> **DATASET EXTRACT**
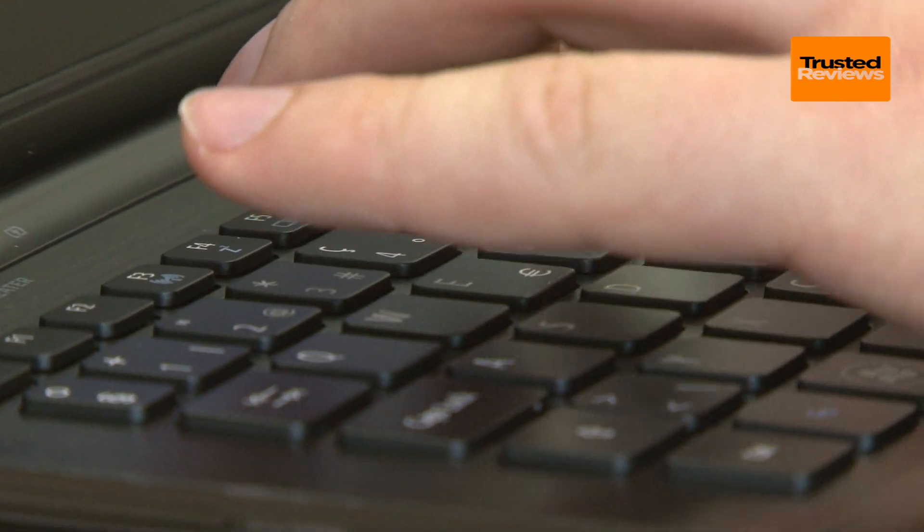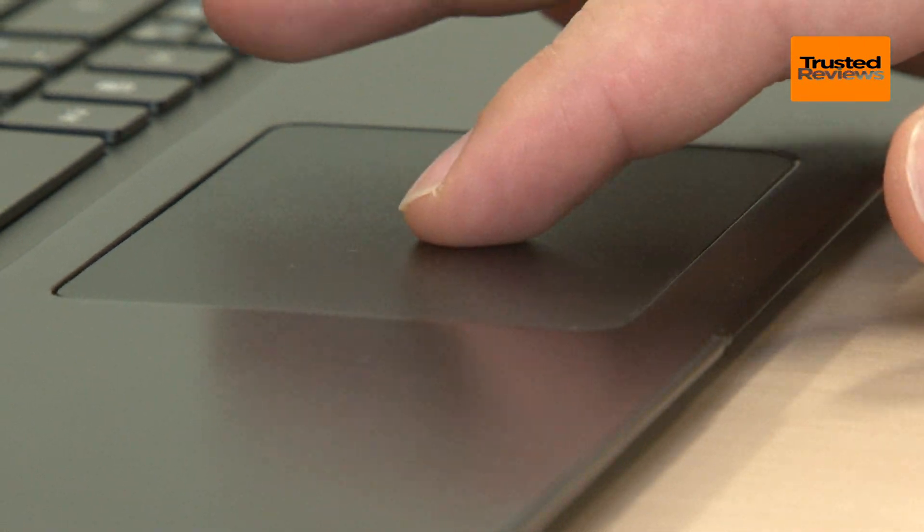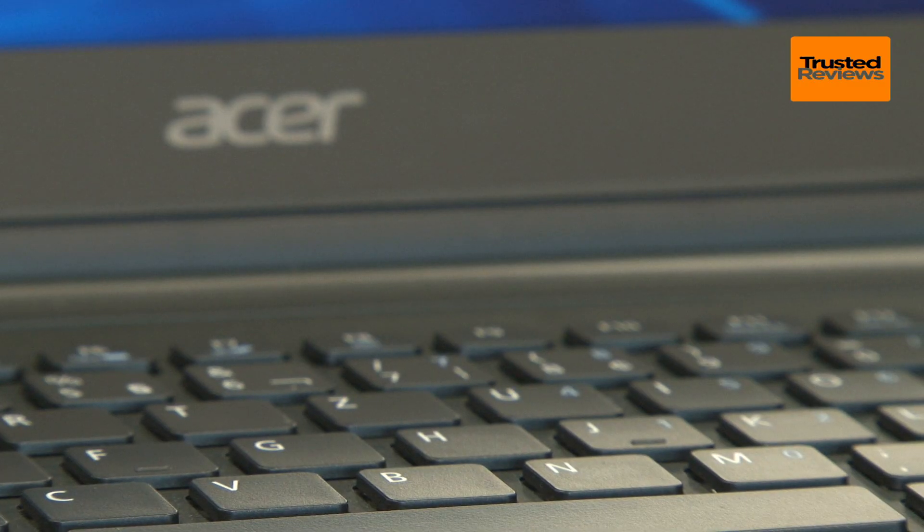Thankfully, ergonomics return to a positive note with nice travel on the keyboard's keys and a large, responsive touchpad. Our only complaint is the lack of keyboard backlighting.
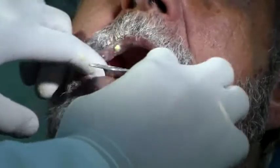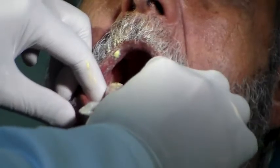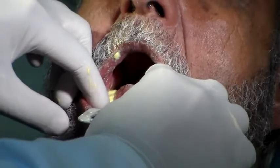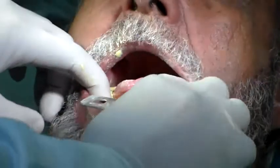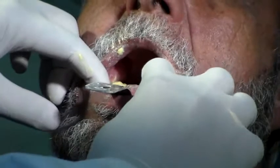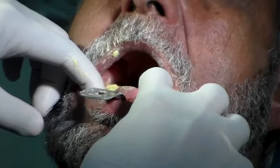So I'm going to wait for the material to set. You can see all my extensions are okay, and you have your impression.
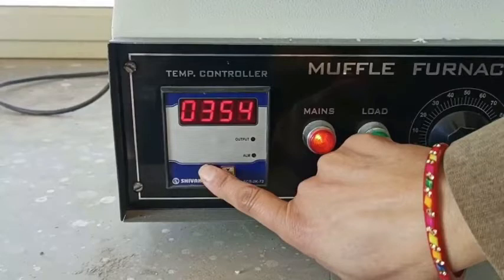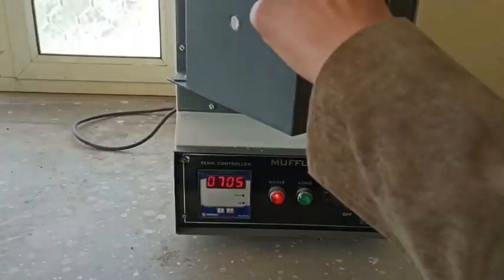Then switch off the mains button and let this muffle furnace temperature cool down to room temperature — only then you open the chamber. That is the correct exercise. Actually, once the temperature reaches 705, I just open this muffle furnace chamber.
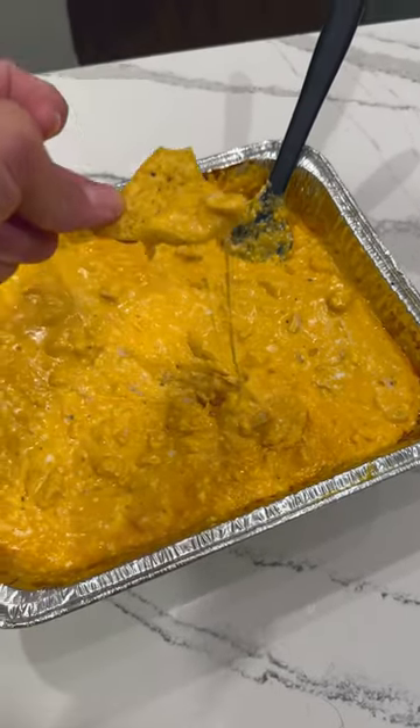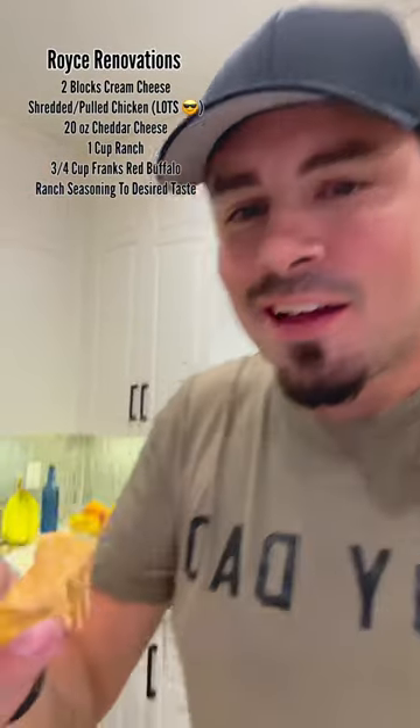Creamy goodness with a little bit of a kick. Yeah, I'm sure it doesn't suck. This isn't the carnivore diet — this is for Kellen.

> **THE TASK**
All that belongs in the answer is the exact run of lines from the line containing "Then switch off" to the end of the listing above, pictures removed.

> **WRITTEN ANSWER**
Then switch off the mains button and let this muffle furnace temperature cool down to room temperature — only then you open the chamber. That is the correct exercise. Actually, once the temperature reaches 705, I just open this muffle furnace chamber.
Creamy goodness with a little bit of a kick. Yeah, I'm sure it doesn't suck. This isn't the carnivore diet — this is for Kellen.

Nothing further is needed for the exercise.